Why this matters
The 2025 One Big Beautiful Bill Act ended the federal residential solar tax credit (Section 25D) for any system placed in service after December 31, 2025. That single change is the most important fact in Florida solar right now, and a lot of marketing copy — on other companies' sites and in older articles that still rank on Google — has not caught up to it.
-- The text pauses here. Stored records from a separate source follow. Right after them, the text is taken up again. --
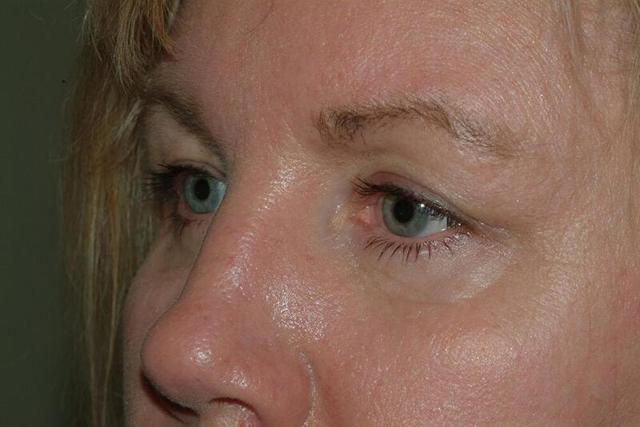 Brow Lift after at Hass Plastic Surgery & MedSpa in Palm Beach Gardens, FL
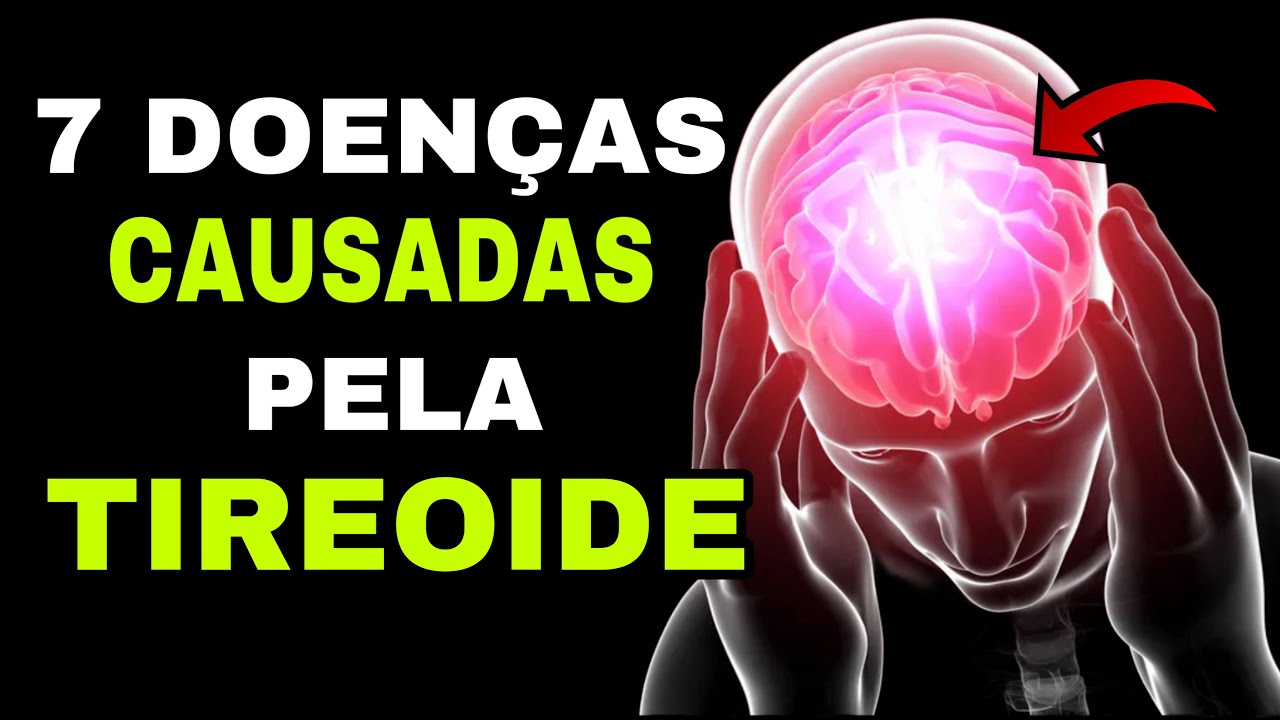 7 DOENÇAS CAUSADAS PELA TIREOIDE (Hipotireoidismo e Hipertireoidismo)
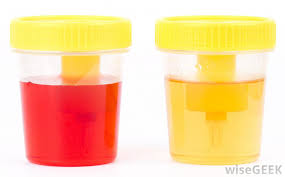 Check spelling or type a new query. 11 Warna Urine Ini Penanda Kesehatan Anda Nomor 7 Waspadai Sibolgapos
If you are comparing quotes or reading about solar anywhere else, verify the numbers against what is below before you believe them.
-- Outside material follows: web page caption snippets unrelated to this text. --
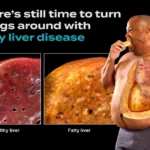 10 Warning Signs Your Liver Is Crying for Help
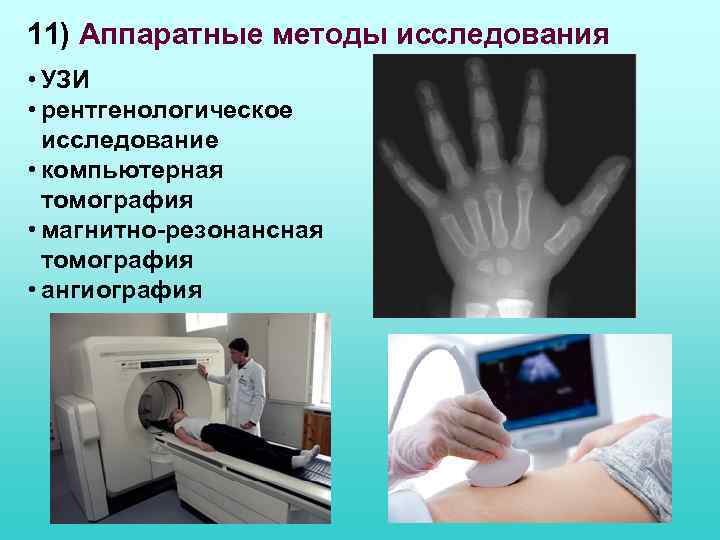 11) Аппаратные методы исследования • УЗИ • рентгенологическое исследование • компьютерная томография • магнитно-резонансная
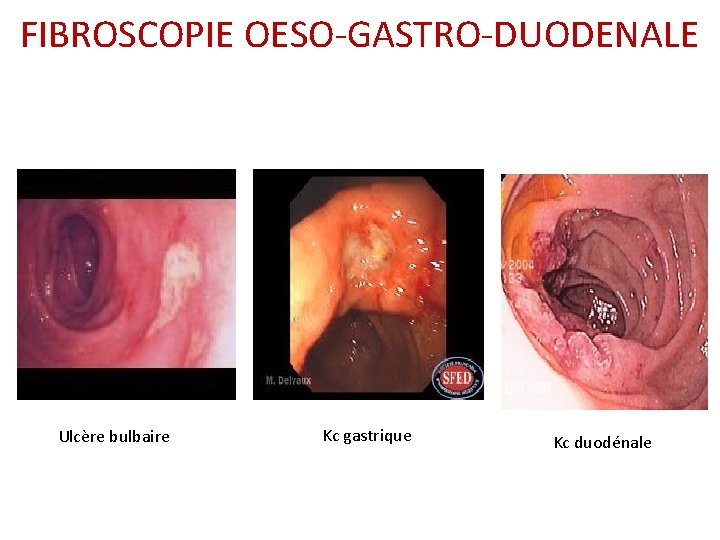 FIBROSCOPIE OESO-GASTRO-DUODENALE Ulcère bulbaire Kc gastrique Kc duodénale FIBROSCOPIE OESO-GASTRO-DUODENALE Ulcère bulbaire Kc gastrique Kc duodénale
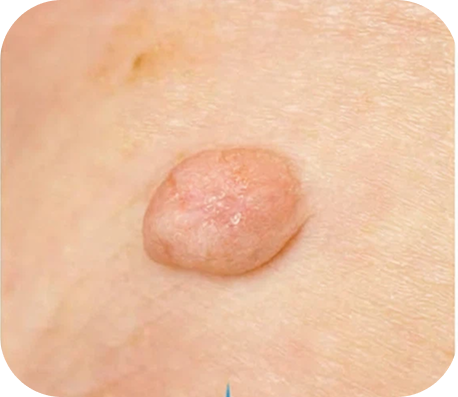 شكلها غير مستحب في الصور والمناسبات.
This page is the single reference we point to from every Crownline solar page — Solar & Energy, Solar Panels, Home Battery Storage, and Solar Water Heaters — so the incentive facts stay consistent everywhere on the site.
Federal residential credit (Section 25D) — ended
The 30% Residential Clean Energy Credit does not apply to solar PV, battery storage, or solar water heating systems placed in service after December 31, 2025. If a homeowner buys a system outright in 2026, there is no federal tax credit attached to that purchase. This is a legal fact, not a negotiating position — do not let anyone's sales pitch tell you otherwise, and be skeptical of any quote that still discounts the price by an assumed 30% federal credit.
Federal commercial/business credit (Section 48E) — still active, phasing out
The 30% federal Investment Tax Credit under Section 48E is still available for commercial solar projects, and for a specific residential path worth understanding: third-party-owned systems, meaning solar leases and power purchase agreements (PPAs). In that structure, a business — not the homeowner — owns the system and can still claim the credit, which is one reason lease/PPA offers may look different from direct-purchase pricing right now.
The timing: construction must begin by July 4, 2026 to use the 4-year placed-in-service window; if construction begins after July 4, 2026, the system must be placed in service by December 31, 2027. For a commercial roof, or for a homeowner evaluating a lease/PPA instead of a direct purchase, this is the live incentive conversation to have in 2026.
Florida property tax exemption — active
Florida law excludes the added value of a qualifying renewable-energy device — solar PV, solar water heating, and battery storage installed as part of a system — from property tax reassessment: 100% for residential property, 80% for nonresidential. In plain terms, adding solar should not increase your property tax bill the way a comparable home addition would. [verify current statute citation — Fla. Stat. §193.624 — against the live Florida Statutes site before publish; some older sources still cite the repealed §196.175]
Florida sales tax exemption — active
Qualifying solar equipment is exempt from Florida's 6% state sales tax under Fla. Stat. §212.08(7)(hh). This applies at the point of purchase/installation and is separate from, and stacks with, the property tax exemption above.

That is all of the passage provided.